Were they a bit quirky? Yes, Thank God. We should all be so quirky. They all loved their jobs and had an ability to make you feel important, whether you were 18 or 60. In some conversations I had with him over the years, Fuselle would express frustration that he hadn’t gotten x or y broadcast job after TWIB went away, but he always seemed to enjoy the beautiful ballpark in Coney, hard by the Atlantic Ocean, not far from either Nathan’s or the Abe Stark skating rink.
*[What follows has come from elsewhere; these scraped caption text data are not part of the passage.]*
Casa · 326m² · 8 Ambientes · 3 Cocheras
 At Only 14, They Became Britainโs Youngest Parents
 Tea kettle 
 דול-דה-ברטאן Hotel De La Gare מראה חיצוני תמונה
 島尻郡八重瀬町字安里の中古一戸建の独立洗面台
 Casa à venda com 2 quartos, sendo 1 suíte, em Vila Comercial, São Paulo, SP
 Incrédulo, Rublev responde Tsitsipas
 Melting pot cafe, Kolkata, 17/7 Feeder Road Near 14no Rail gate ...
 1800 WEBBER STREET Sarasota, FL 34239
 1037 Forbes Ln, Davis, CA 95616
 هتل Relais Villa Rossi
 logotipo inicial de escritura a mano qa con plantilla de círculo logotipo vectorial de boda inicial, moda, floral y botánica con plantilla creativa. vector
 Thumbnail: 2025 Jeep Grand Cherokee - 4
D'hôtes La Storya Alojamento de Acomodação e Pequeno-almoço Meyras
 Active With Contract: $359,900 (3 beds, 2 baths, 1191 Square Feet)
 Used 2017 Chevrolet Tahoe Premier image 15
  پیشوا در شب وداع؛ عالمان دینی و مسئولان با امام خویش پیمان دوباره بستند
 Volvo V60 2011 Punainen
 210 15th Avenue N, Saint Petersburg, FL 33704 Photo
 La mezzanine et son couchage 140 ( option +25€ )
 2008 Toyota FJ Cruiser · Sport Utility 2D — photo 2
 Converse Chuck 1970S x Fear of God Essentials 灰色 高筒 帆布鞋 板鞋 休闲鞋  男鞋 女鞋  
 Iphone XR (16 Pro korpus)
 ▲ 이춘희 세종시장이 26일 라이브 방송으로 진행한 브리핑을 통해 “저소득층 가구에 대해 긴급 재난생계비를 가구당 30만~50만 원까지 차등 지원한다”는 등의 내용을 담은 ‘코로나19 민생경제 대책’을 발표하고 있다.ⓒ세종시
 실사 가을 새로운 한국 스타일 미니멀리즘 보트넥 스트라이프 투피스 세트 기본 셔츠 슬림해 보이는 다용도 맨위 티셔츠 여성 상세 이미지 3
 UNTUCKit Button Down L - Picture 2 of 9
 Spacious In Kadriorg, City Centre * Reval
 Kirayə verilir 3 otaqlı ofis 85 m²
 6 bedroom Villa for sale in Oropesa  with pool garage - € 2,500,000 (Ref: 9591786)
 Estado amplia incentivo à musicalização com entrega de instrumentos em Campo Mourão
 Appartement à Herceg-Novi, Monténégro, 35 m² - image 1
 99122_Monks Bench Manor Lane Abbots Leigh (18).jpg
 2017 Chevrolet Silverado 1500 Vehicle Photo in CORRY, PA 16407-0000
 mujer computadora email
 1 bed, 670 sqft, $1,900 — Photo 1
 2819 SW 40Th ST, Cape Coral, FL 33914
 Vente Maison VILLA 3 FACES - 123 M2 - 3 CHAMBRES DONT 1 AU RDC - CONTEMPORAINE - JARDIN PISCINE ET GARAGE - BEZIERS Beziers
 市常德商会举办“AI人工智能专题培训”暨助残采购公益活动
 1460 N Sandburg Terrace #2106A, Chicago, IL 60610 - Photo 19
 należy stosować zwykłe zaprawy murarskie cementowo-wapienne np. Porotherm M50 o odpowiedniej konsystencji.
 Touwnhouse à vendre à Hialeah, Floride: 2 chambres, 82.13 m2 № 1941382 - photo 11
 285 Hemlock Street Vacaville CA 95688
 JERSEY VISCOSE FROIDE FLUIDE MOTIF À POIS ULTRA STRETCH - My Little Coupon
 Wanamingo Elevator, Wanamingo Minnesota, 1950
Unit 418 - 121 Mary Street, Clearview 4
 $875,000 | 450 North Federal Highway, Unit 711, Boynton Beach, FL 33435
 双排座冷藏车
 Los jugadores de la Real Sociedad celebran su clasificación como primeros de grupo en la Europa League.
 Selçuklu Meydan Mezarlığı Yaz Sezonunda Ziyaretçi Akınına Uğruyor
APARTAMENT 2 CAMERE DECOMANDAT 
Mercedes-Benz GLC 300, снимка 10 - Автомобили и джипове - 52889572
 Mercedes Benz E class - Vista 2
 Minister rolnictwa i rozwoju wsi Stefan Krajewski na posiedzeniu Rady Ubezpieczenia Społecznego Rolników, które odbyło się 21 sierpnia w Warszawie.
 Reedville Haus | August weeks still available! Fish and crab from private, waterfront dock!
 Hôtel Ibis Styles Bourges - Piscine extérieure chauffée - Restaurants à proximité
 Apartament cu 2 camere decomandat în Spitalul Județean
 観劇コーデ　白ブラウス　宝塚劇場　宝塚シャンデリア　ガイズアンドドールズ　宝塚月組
Eventhough he was a Wake Forest grad raised in the south, he had become a Brooklyn baseball guy, not unlike another gentleman of the South, Red Barber had become for legions of Brooklyn Dodgers fans of a bygone era.
Yes Fuselle and the others were a throwback to a certain era, but more importantly they were really a reminder of what should be important in a business that is all about games.
Most recently I had chatted with Mark Fratto, forever an innovator at St. John’s University and now the Red Storm Director of Communications. He had pulled Warner in to do play-by-play for St. John’s baseball in a test program, where SJU created broadcast quality video over the internet for a fraction of the price. The experiment worked, and Fuselle ended up calling games on the CBS College Network this spring, even though Fratto joked he had to remind Warner to watch the action on the monitor and not keep telling the stories that he was so gifted at.
The New York-Penn League will begin in a few days, and there will be a void in the Cyclones press box, one that was occupied since the team’s inception by a student of the game, always with a story to tell. No doubt the team, and hopefully all of baseball, will pause sometime this week to remember Warner Fuselle. Then we will get on with the ballgame, just as he would have liked.
A man, like many, who loved the game dearly, and who we can all learn from going forward.